2011 NY Slip Op 00216 [80 AD3d 602]
January 11, 2011
Appellate Division, Second Department
Published by New York State Law Reporting Bureau pursuant to Judiciary Law § 431.
As corrected through Wednesday, March 9, 2011


Carmen R. Villar, Appellant,
v
MTA Bus Company et al., Respondents.

[*1] Latos Latos & Di Pippo, P.C., Astoria, N.Y. (Peter Latos and Andrew Latos of counsel), for appellant.

Marulli, Lindenbaum, Edelman & Tomaszewski, LLP, New York, N.Y. (Richard O. Mannarino of counsel), for respondents.

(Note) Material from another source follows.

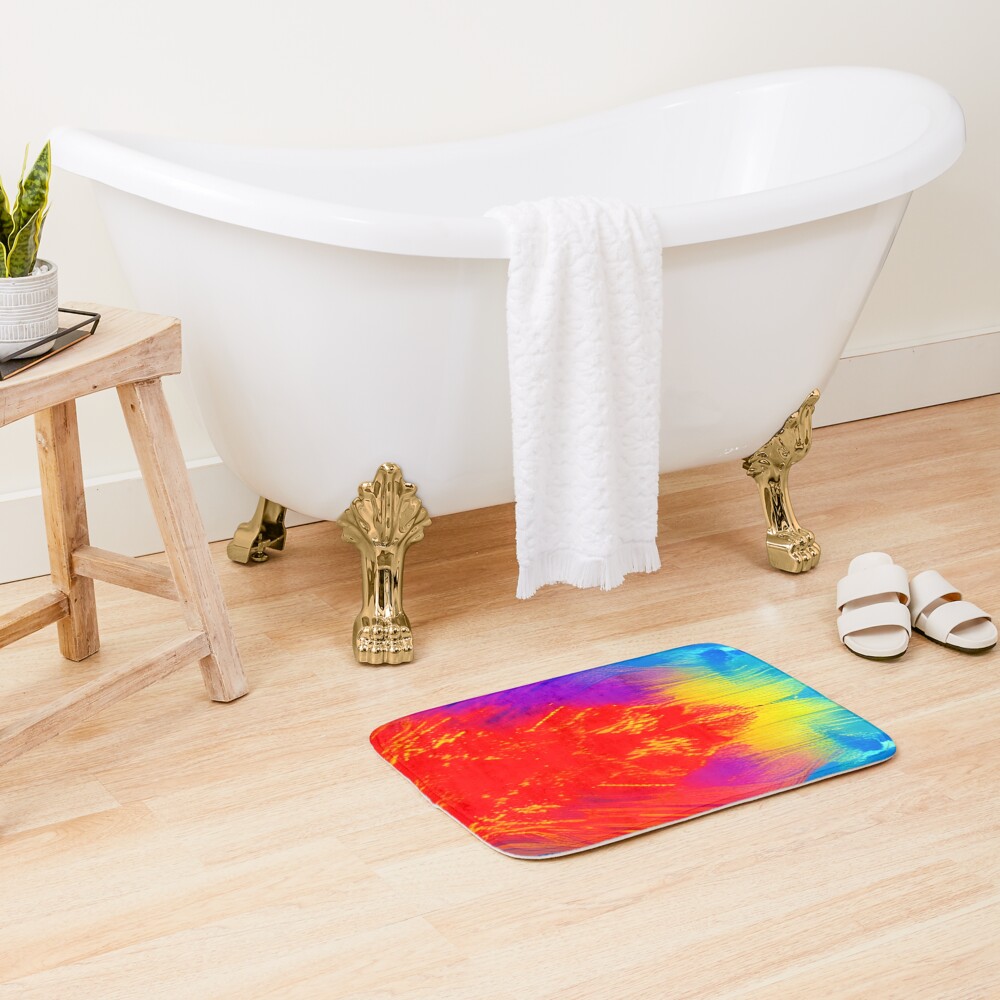 Item preview, Bath Mat designed and sold by calibrit.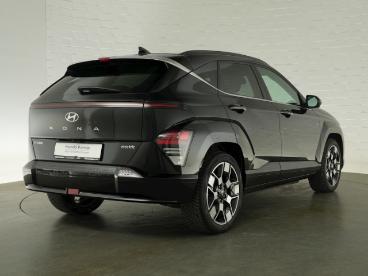SPOTICAR Hyundai Kona Elektro Prime 65,4kwh+voll Led+navi+360 Grad Kamer Gebraucht - Suv Elektro  - Coesfeld - 1201183578_2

In an action to recover damages for personal injuries, the plaintiff appeals from an order of the Supreme Court, Queens County (Satterfield, J.), entered March 26, 2010, which granted the defendants' motion for summary judgment dismissing the complaint.

Ordered that the order is affirmed, with costs.

While the plaintiff was a passenger on an M15 express bus in Queens, she allegedly sustained injuries when she was thrown into the seat in front of her after the bus stopped suddenly to avoid a collision with a car which had cut into its lane. The bus was owned by the defendant MTA Bus Company and operated by the defendant Tze M. Cheng.

Pursuant to the emergency doctrine, "when an actor is faced with a sudden and unexpected circumstance which leaves little or no time for thought, deliberation or consideration, or causes the actor to be reasonably so disturbed that the actor must make a speedy decision without weighing alternative courses of conduct, the actor may not be negligent if the actions taken are reasonable and prudent in the emergency context" (Rivera v New York City Tr. Auth., 77 NY2d 322, 327 [1991]; see Evans v Bosl, 75 AD3d 491, 492 [2010]; Miloscia v New York City Bd. of Educ., 70 AD3d 904, 905 [2010]).

Here, the defendants established their prima facie entitlement to judgment as a matter of law by submitting evidence demonstrating that Tze M. Cheng was confronted with a sudden and unexpected circumstance not of his own making and that, under the circumstances, his actions were reasonable and prudent in response to the emergency (see Bello v Transit Auth. of N.Y. City, 12 AD3d 58, 60-61 [2004]). In opposition, the plaintiff failed to raise a triable issue of fact (see Evans v Bosl, 75 AD3d at 492; Miloscia v New York City Bd. of Educ., 70 AD3d at 905). Mastro, J.P., Rivera, Austin and Roman, JJ., concur.